:: EXERCISE INSTRUCTIONS ::
Your copy should begin at the line containing "Rabbit Ornament |" and end at the last line of the records below, matching each line exactly and leaving out pictures.

RECORDS FOR THIS EXERCISE START

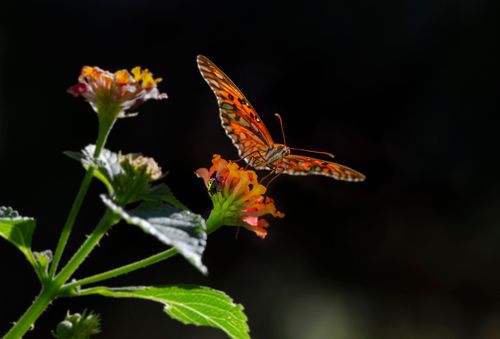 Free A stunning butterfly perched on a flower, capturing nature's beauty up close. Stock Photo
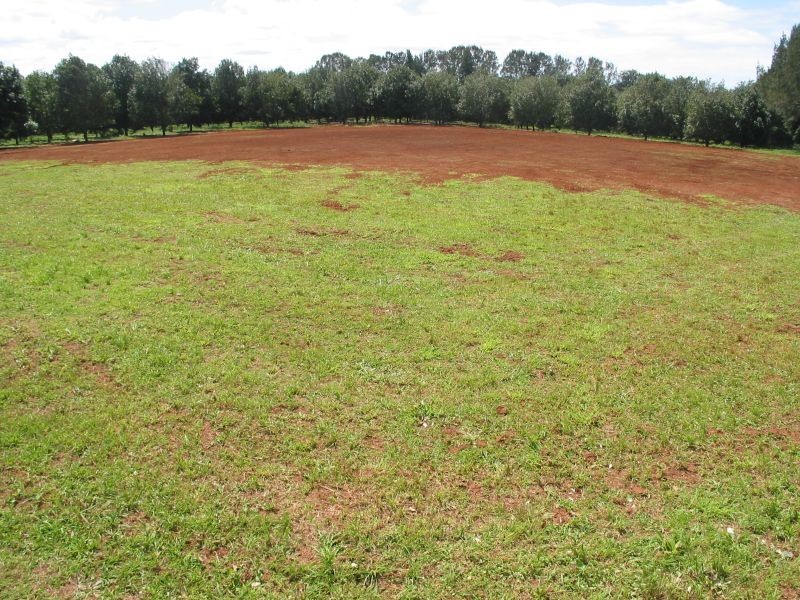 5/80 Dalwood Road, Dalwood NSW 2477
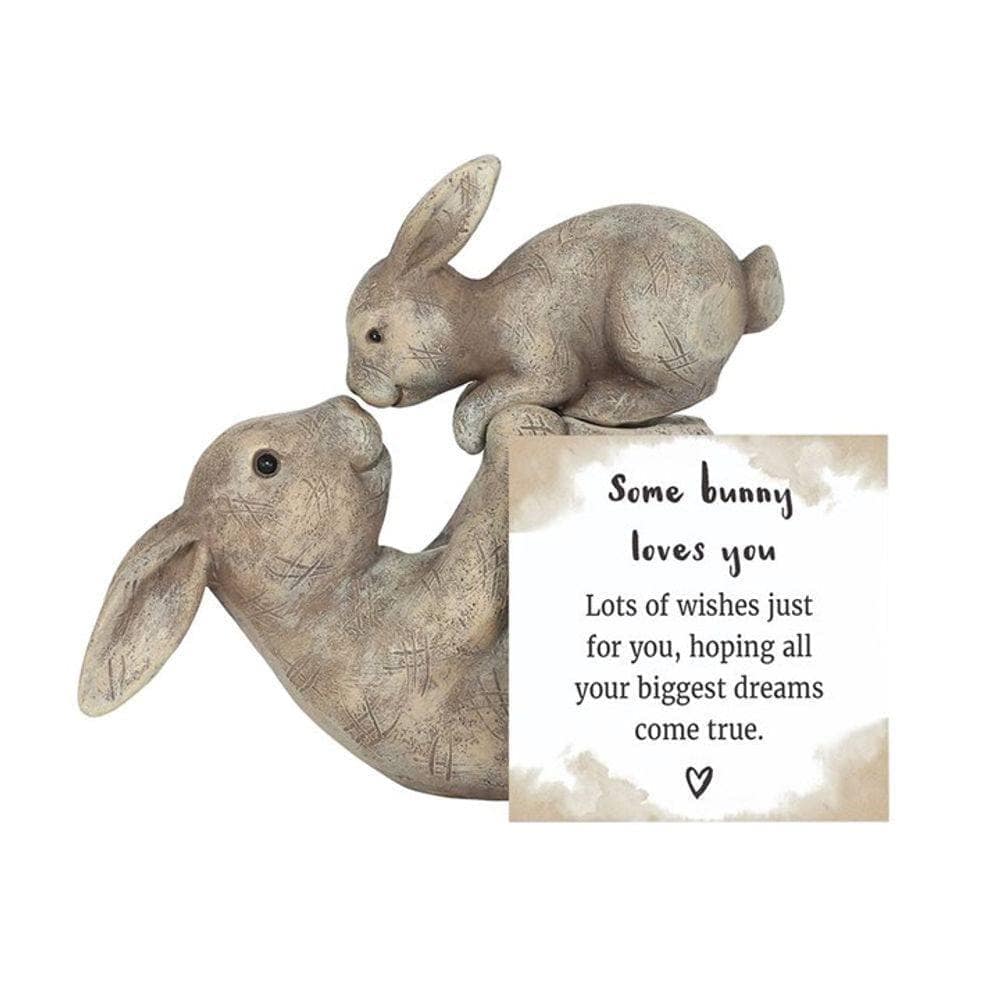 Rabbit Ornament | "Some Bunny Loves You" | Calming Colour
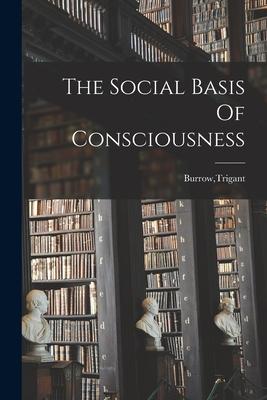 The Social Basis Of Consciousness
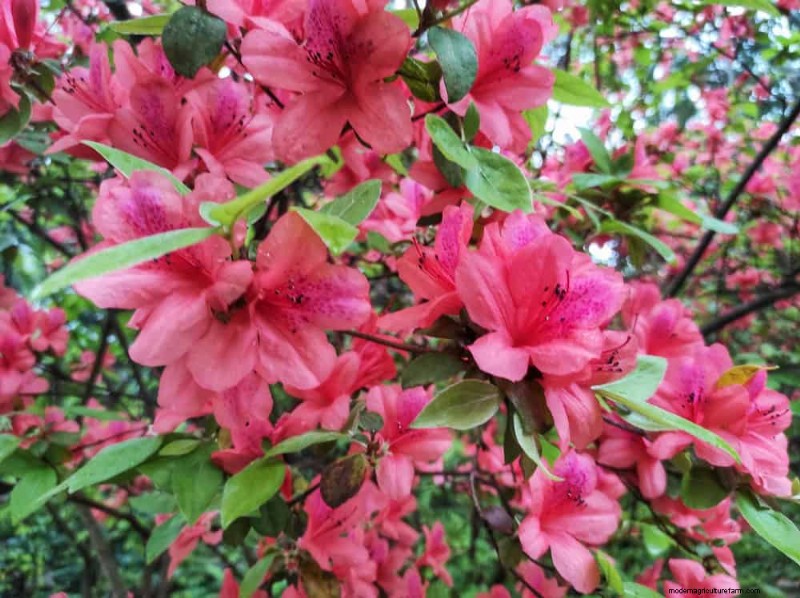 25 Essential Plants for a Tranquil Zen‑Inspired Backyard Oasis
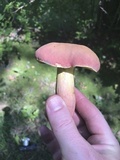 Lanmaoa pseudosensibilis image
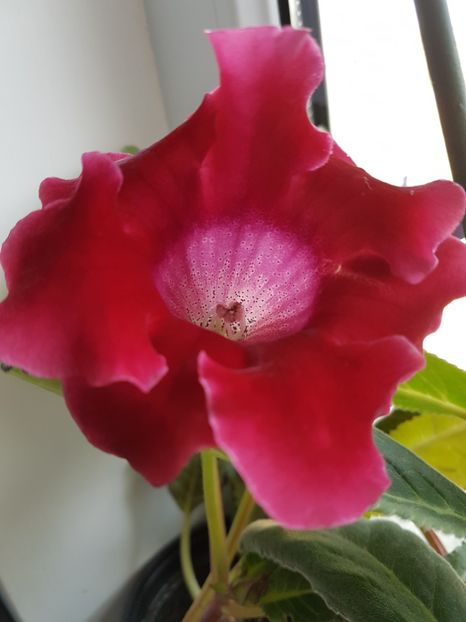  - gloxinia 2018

RECORDS FOR THIS EXERCISE END

:: RESULT FOR THIS TASK ::
 Rabbit Ornament | "Some Bunny Loves You" | Calming Colour
 The Social Basis Of Consciousness
 25 Essential Plants for a Tranquil Zen‑Inspired Backyard Oasis
 Lanmaoa pseudosensibilis image
  - gloxinia 2018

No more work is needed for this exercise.